La critique de l’Ogre : 9/10
Les androïdes rêvent-ils de moutons électriques ? est le roman de Science-fiction à l’origine du (des) film(s) Blade Runner, dont le premier, réalisé par Ridley Scott, a rencontré un grand succès, notamment lors de sa deuxième vie, post-cinema. Blade Runner est en réalité une adaptation librement inspirée de ce roman qui n’a pas grand-chose à voir avec le livre originel, autrement que par l’arc narratif général. Là où ce film se situe dans un futur apocalyptique sombre et révèle plus du long-métrage contemplatif, Les androïdes rêvent-ils de moutons électriques ? se trouve être d’une toute autre teneur. Certes, le côté apocalyptique futuriste est bien présent, mais le ton du livre est bien plus original que son adaptation, parfois décalé, avec un humour sous-jacent bien dosé, et qui présente une quête personnelle intense plus qu’une chasse à l’androïde. Pour ma part, je trouve que ce livre est sans commune mesure avec son adaptation, certainement l’un des livres les plus prenants, originaux et immersifs que j’ai lu depuis très longtemps.

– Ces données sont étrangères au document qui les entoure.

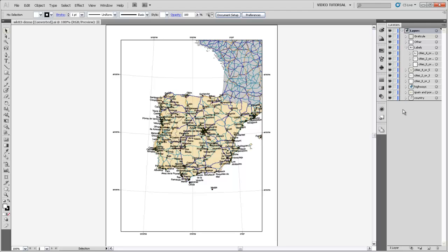So the thing I'll draw your attention to first is that Arc has drawn layers in Illustrator, layers and sub-layers. There's a single layer up here that is related to a particular data frame. So in our ArcMap document, we only had one data frame, and so there's only this one topmost layer, and it's called Layers, because that's what the data frame was called.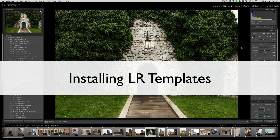In this video we are going to show you how to install Lightroom templates, which are basically presets for the slideshow, the print, and the web module.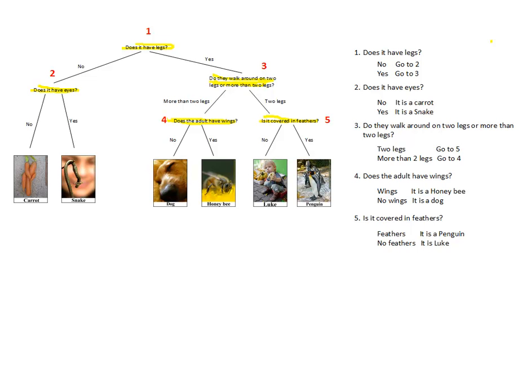These steps again make a dichotomous key. Step two, number each decision. Step three, write them in order, indicating where each one goes to.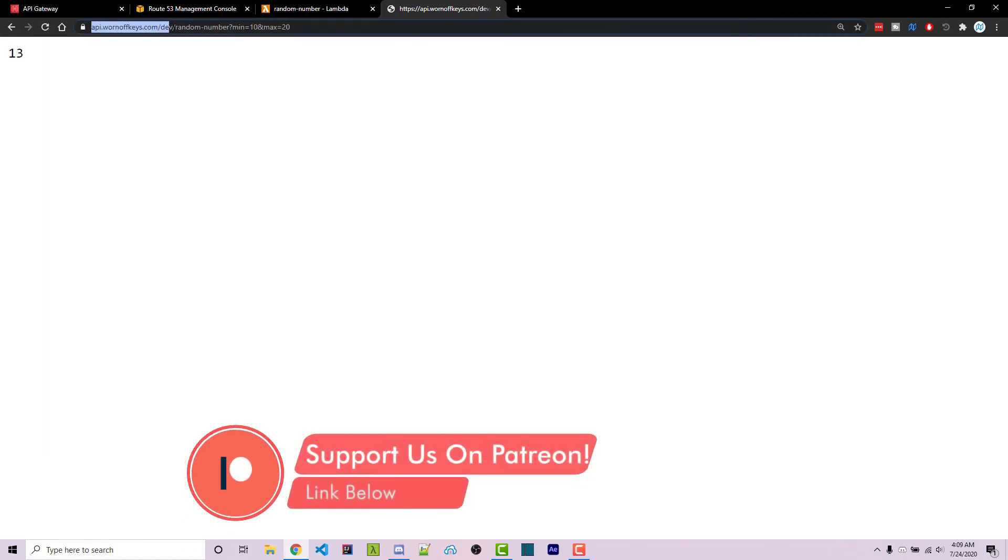So after waiting a few minutes, we see that my domain here is api.warnoffkeys.com slash dev, which is the actual stage name, slash random number and then the actual arguments as expected. And if I refresh, we now get a random number and this is using my custom domain and not the random generator domain that we get using API Gateway by default.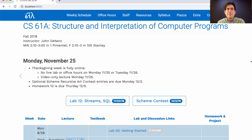In some sense, this is optional content. I'm not going to cover it on the final exam. But it is useful content that you should know, so it's not optional for your life. You should definitely watch the videos.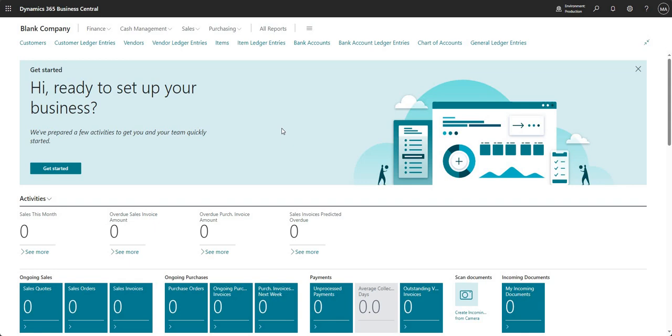Before we get started, I should mention that typically you would only really use this function when you're initially setting up that company. And just to say that it's not an ongoing sync what I'm about to show you, so it's a one-time thing that you can copy data from a table within one company in BC to the same table in another company in BC.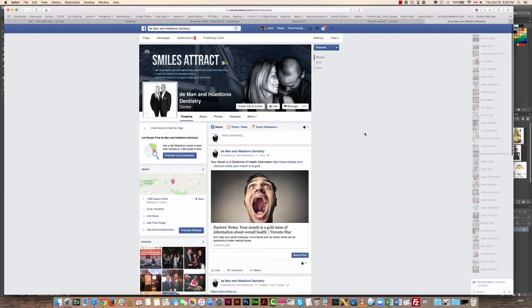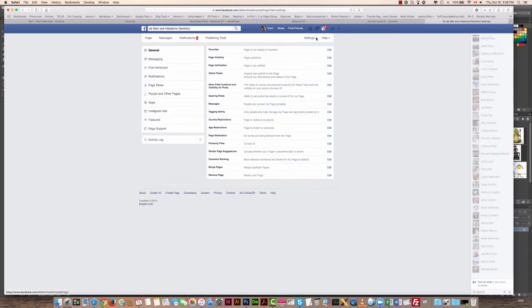I wanted to show you how to add a new administrator or editor to your Facebook page. Go up to the settings on your homepage for Facebook, then go down the sidebar to Page Roles.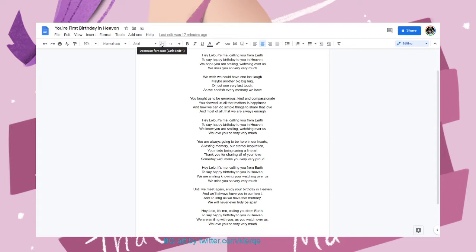You may be in caring, if I not. Thank you for sharing all of your love. Some day we'll make you very, very proud.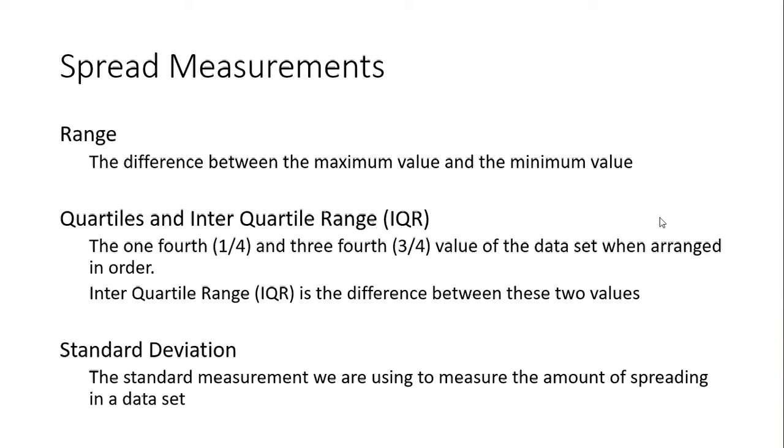Then you have the quartiles and the interquartile range. You take the data set, arrange it in order, and find the one-fourth value—that's quartile 1 or Q1. You find the three-fourth value—that's quartile 3 or Q3. The median is Q2 or quartile 2, the middle value.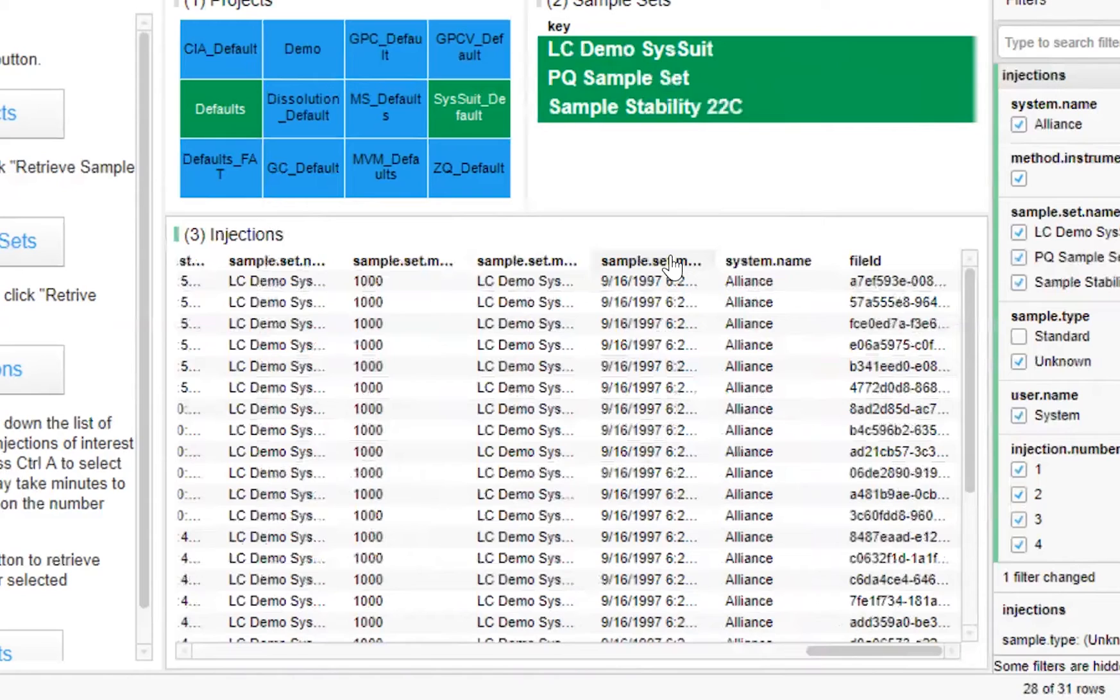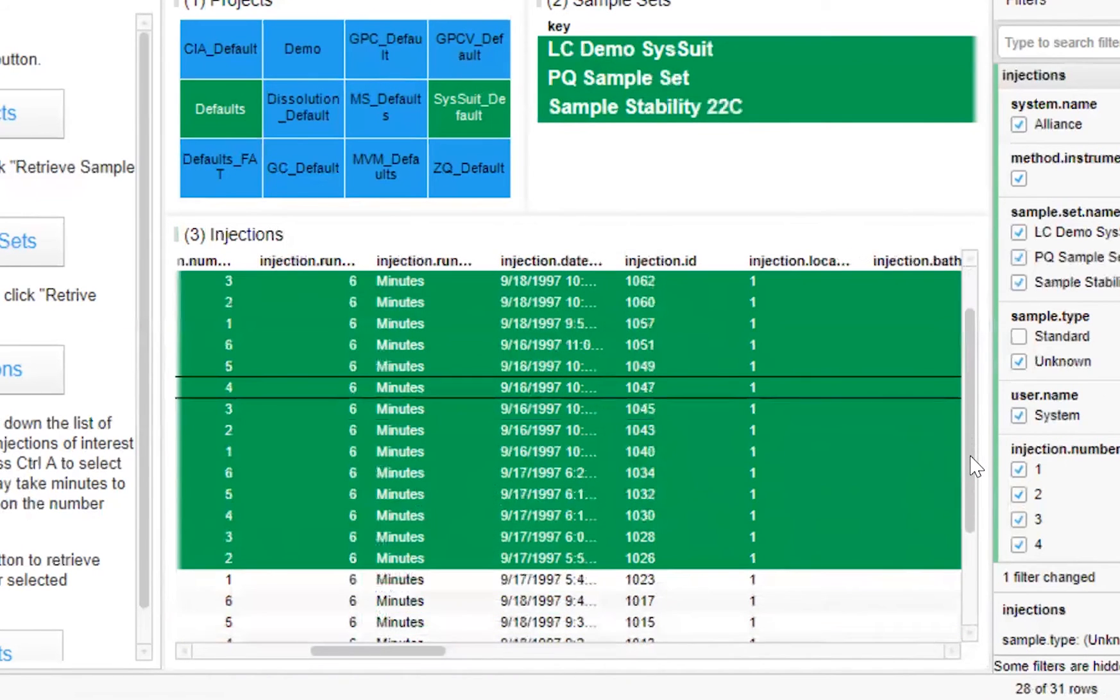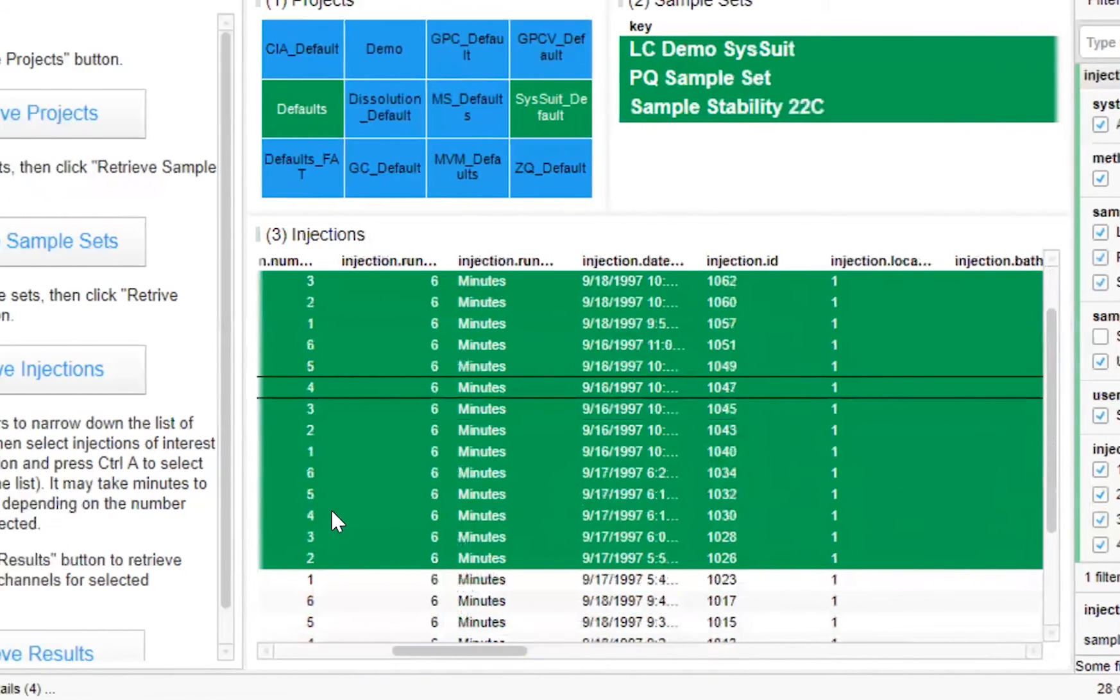Now, of course we want to explore our results. In this instance, we'll explore an injection that was processed by a particular user. We can make a selection, in this case, let's say the first 20 injections.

L’écriture de Philip K. Dick est parfaite. Vraiment, c’est un plaisir de le lire, ses phrases sont superbement construites, ses analyses des situations, de ses personnages, son humour toujours en filigrane… Il réussit aussi le tour de force d’imposer l’ambiance de son livre, non pas avec des descriptions précises de son univers, mais simplement avec son écriture, les mots choisis, des indices, laissés par-ci, par-là, qui nous plongent dans son futur apocalyptique. Un futur où la Terre, ravagée par les retombées radioactives de guerres nucléaires, devient un territoire d’exil vers des colonies, notamment Mars, où la vie se trouve être toute aussi dure.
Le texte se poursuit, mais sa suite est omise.